Sir, I wish to introduce myself as a ‘Common Mumbaikar’, who after years of indifference has become numb to the vagaries of a Mumbai Life! The recent massacre has led me to believe that I am indeed ‘Impotent’. I wonder whether I have a right to celebrate on Jan 26! This letter to you is a desperate appeal to help me and the one billion Indians that are feeling equally miserable.
Where was I when some people, we label as ‘terrorists’, killed my brothers and raped my sisters? Why couldn’t I hear the horrified screams of their orphaned children? Well, Sir, as I’ve already mentioned that I stay in Mumbai, which is so ‘very far’ from these rotten things, you know the places where these rotten things are a norm- Kashmir, Assam, Orissa..and sometimes Delhi, Bengalooru, Hyderabad…So I thought ‘What have I got to do?’, I have enough screams to hear and enough orphans to deal with here in Mumbai itself! Every now and then, there is a bomb blast and the system breaks down; the authorities go into hiding and inevitably the courageous Hero would be the ‘Common Man’.
Well, Sir, I have brought the ‘Common Man’ intentionally here. As a reader of your esteemed newspaper ‘The Times of India’, I am a die-hard fan of your daily strip ‘You said it’ by the greatest ever cartoon illustrator: ‘R K Laxman’. It so correctly depicts the Common Man as a silent spectator of the system. In the cartoonist’s own words, the Common Man symbolises the mute millions of India, or perhaps the whole world, a silent spectator of marching time! He represents the hopes, aspirations, troubles and perhaps even foibles of the average Indian. I gather you know what I’m coming to.

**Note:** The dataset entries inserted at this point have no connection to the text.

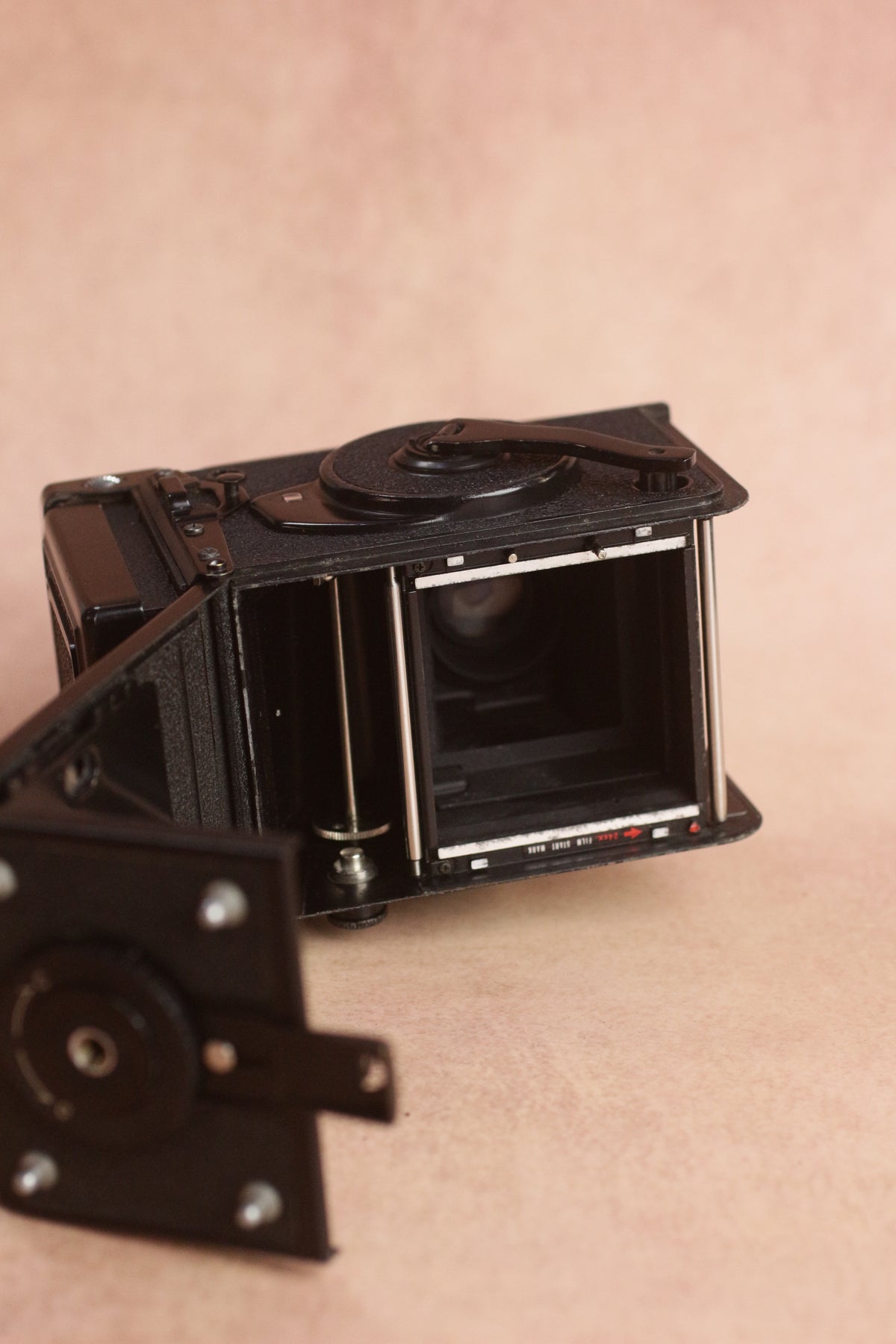 Yashica Mat-124G 6x6 TLR
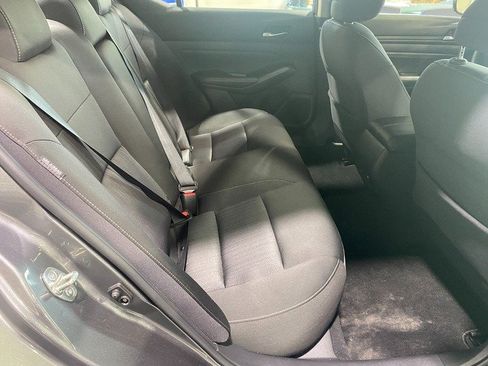 Used 2020 Nissan Altima 2.5 S FWD image 16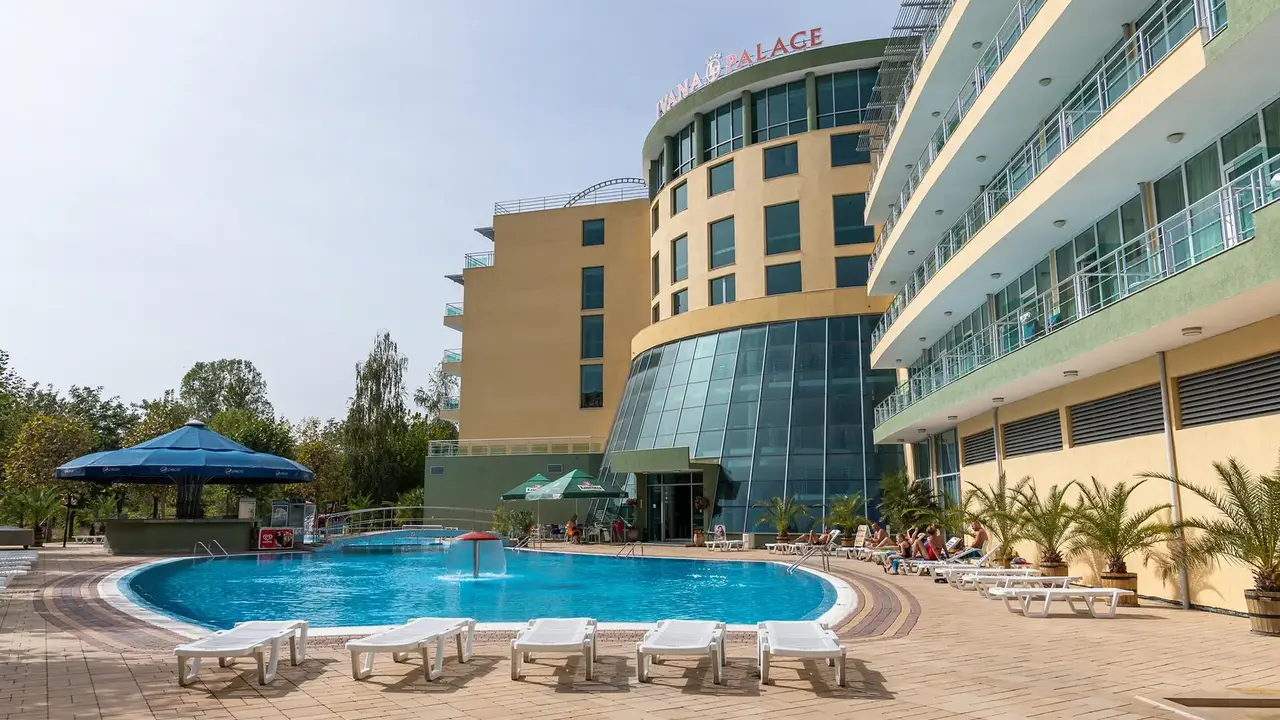 IVANA PALACE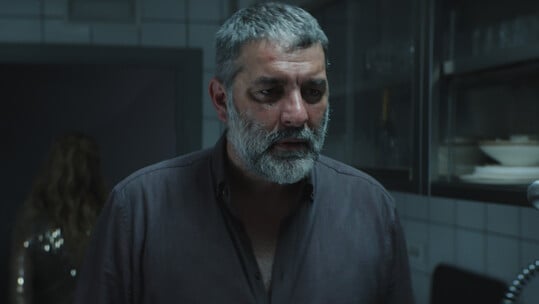 First Look: Η «ΣΠΑΣΜΕΝΗ ΦΛΕΒΑ» του Γιάννη Οικονομίδη έχει ημερομηνία κυκλοφορίας – Δείτε τα πρώτα stills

My problem with you is this: Just as the Common Man, Sir, your newspaper too stands as a mute spectator all these years! Whenever a system crashes down, your esteemed newspaper would be the ‘first’ to bring us the ‘esteemed news’. And then in the race to be the ‘first’ to bring the next big news, Sir, you forget the burning past. I agree, Sir that you are the highest English language newspaper and in your own words, ‘very liberal’. But, it has occurred to me lately that you represent the masses. You are considered as the ‘Fourth Estate’ not for a rhyme, but for a reason. You, Sir should be publishing the ‘voices of us, commoners’. You should personify the woes of every Indian not just in a cartoon. You should take the lead in asking the ‘Why’s?’ from all our leaders, irrespective of which party they belong to or which party you support.
Our nation, no doubt invariably follows a pseudo-democracy. Where is the ‘For the people’ part? Why it so happens that, after the people are chosen by the people, the ‘chosen people’ easily transform into ‘politicians’. Forgive me, Sir, but ‘politics’ isn’t about managing any more, it has become a ‘murky thing’, and all this while you, the Fourth Estate just looks on…refuses to act. With all the powers that make you what you are, you should be the one to bell the cat. Yes, Mr. Editor, the time has come for you to actually put into practice, your sole purpose of starting this esteemed newspaper.
We Indians need to start a revolution now with an apt war cry. And so, we need you to voice this war cry. For if we don’t start now, there won’t be any Indians left! And then I wonder Sir, who would read your ‘esteemed newspaper’! Is this asking for too much?